The question of where Europe ends and Asia begins has troubled many people over the years, but here’s a rule of thumb: if someone can pose as an expert on the country in question without knowledge of the relevant language, it’s part of Asia. Europeans hoping to lay claim to North Korea should therefore brace themselves, because Bradley Martin’s publisher is touting Under the Loving Care of the Fatherly Leader (2004) as the definitive work on its subject, though it belongs squarely in the “a puzzled look crossed the faces of my guide and interpreter” tradition of monoglot scholarship. Although hardly definitive, it is still an excellent book, well researched and lucidly written. It is especially refreshing to find someone showing serious interest in North Korean propaganda instead of merely hooting at it.

The problem is that the official translations on which Martin was forced to rely do not always reflect the original. Kim Il Sung’s title Eobeoi Suryeong means not “Fatherly Leader”—a common rendering that encourages Martin to exaggerate the influence of Confucianism on the personality cult—but “Parent Leader,” the most feminine title the regime could get away with. As the country’s visual arts make clear, Kim was more a mother to his people than a stern Confucian patriarch: he is still shown as soft-cheeked and solicitous, holding weeping adults to his expansive bosom, bending down to tie a young soldier’s bootlaces, or letting giddy children clamber over him. The tradition continues under Kim Jong Il, who has been called “more of a mother than all the mothers in the world.” His military-first policy may come with the title of general, but reports of his endless tour of army bases focus squarely on his fussy concern for the troops’ health and comfort. The international ridicule of his appearance is thus as unfair as it is tedious. Anyone who has seen a crowd of Korean mothers waiting outside an examination hall will have no difficulty recognizing Kim’s drab parka and drooping shoulders, or the long-suffering face under the pillow-swept perm: this is a mother with no time to think of herself. When it comes to the Workers’ Party, the symbolism is even more explicit, as in this recent propaganda poem:

Ah, Korean Workers’ Party, at whose
breast only
My life begins and ends
Be I buried in the ground or strewn
to the wind
I remain your son, and again return to
your breast!
Entrusting my body to your
affectionate gaze,
Your loving outstretched hand,
I cry out forever in the voice of a child,
Mother! I can’t live without Mother!

It’s easy to imagine what Carl Jung would have made of all this, and he would have been right. Whereas Father Stalin set out to instill revolutionary consciousness into the masses (to make them grow up, in other words), North Korea’s Mother Regime appeals to the emotions of a systematically infantilized people. Although the propaganda may seem absurd at a remove, it speaks more forcefully to the psyche than anything European communism could come up with. As a result, North Korea’s political culture has weathered the economic collapse so well that even refugees remain loyal to the memory of Kim Il Sung.

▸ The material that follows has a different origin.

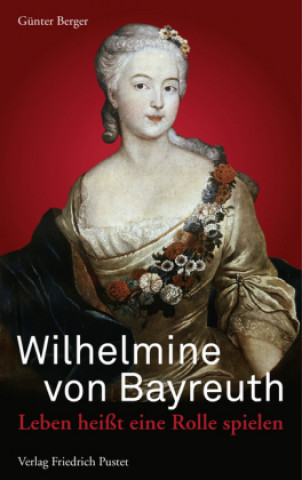 Book Wilhelmine von Bayreuth Günter Berger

The Yangs, for example, are former Party members who recently defected to the South with their two boys. As part of a campaign to prevent the formation of a refugee ghetto in Seoul, the family was resettled in Mungyeong, a charmless sprawl of apartment blocks and love hotels a few hours to the southeast. I visited them there in May. As we sat on the floor of their tiny living room, I told them how a young refugee once shrank from my approach because—as she later explained—I looked like the stick-nosed Yankee effigies she used to run knives into after school. “Yes, you do have …” the mother shouted over the general laughter, but she caught herself in time. Turning to the older boy, who is sixteen, I asked what wisdom he could remember from the Parent Leader. “Man is the master of his own destiny,” he said shyly, his voice trailing off. What about his parents? “We didn’t memorize sentences,” the mother said, embarrassed, so I asked her to explain Kim Il Sung’s ideology of Juche for me in her own words. “The main thing is, man is the master of his destiny,” she said briskly. “And?” I asked. Silence. “Well,” I said, “if people are the masters of their destiny, why do they need a leader?” The younger boy came to his mother’s aid: “It was something about flowers needing the sun to grow.” Everyone frowned at my pen scratching away; they were letting the Parent Leader down. “It wasn’t so much what Kim Il Sung said,” the father blurted out at last.

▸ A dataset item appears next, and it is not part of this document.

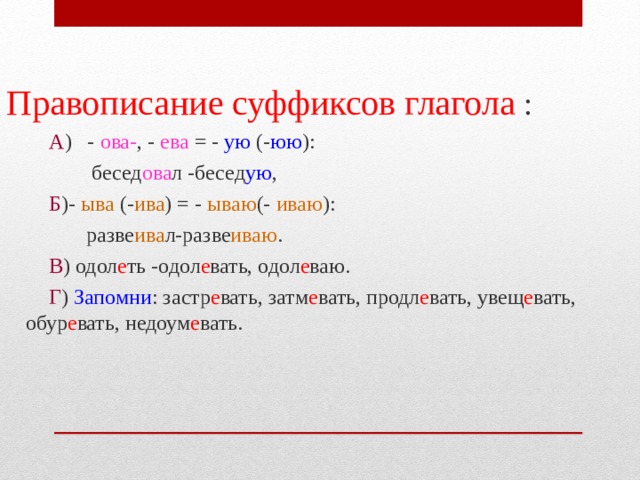 Правописание суффиксов глагола :  А ) - ова- , - ева = - ую (- юю ):  бесед ова л -бесед ую ,  Б )- ыва (- ива ) = - ываю (- иваю ):  разве ива л-разве иваю .  В ) одол е ть -одол е вать, одол е ваю.  Г ) Запомни : застр е вать, затм е вать, продл е вать, увещ е вать, обур е вать, недоум е вать.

This is of course true. Expanses of tautological prose have been ghostwritten to fatten the spines of the two Kims’ collected works, but few people ever read them. North Korea is a unique socialist country in that its ruling ideology is conveyed through what is written about its leaders, not by them, and the message could hardly be simpler: Foreigners bad, Koreans good, Leader best. “The most important thing to us was that Kim Il Sung suffered for the people; he fought for us,” the boys’ mother said. With a start I realized that this elegant fortyish woman, who now sells American cosmetics for a living, had tears in her eyes. “The Leader would sit on the ground with farmers, just like we’re sitting here now. And if he shook someone’s hand, that person would be happy forever. Of course, Kim Jong Il is not like that.” Conversation turned to the railway explosion in the North at the end of April, and to the regime’s immediate focus on the material damage. “It’s because Kim Jong Il never suffered,” the father said bitterly. “What does he know about the common people?”

It would appear that Kim knows just enough. The border with China remains so porous that even children often sneak back and forth, and yet no more than three or four percent of the population has chosen to flee for good. The regime obviously did the smart thing by publicly acknowledging the food shortage and then blaming it on American sanctions, instead of pretending there was no food shortage at all, as Stalin used to do. The Dear Leader has also deftly exploited the tradition according to which Koreans care for their parents in old age: the masses are told that it is their job to feed him, not the other way around, and his famed diet of “whatever the troops are eating” is routinely invoked to shame everyone into working harder. Never has a dictator been such an object of pity to his people, or such a powerful source of guilt. In 2003 North Korean cheerleaders, living it up on a rare visit to a sports event in the South, responded to a rain-soaked picture of Kim by bursting into a hysterical lament that baffled their hosts.

To concede the effectiveness of the personality cult is not to agree with Selig S. Harrison’s startling assertion, in Korean Endgame (2002), that Koreans have a “built-in readiness … to accept as truth what is dispensed from higher authority.” No regime ever needed to subject its citizens to a lifetime of brainwashing in order to make them follow their natural inclinations. What must be acknowledged is that Kim Jong Il has evinced a genius for propaganda ever since managing the efflorescence of his father’s cult in the 1960s. Even so, he cannot cover his lack of charisma completely; it’s as if Hitler died and left the Third Reich to Goebbels.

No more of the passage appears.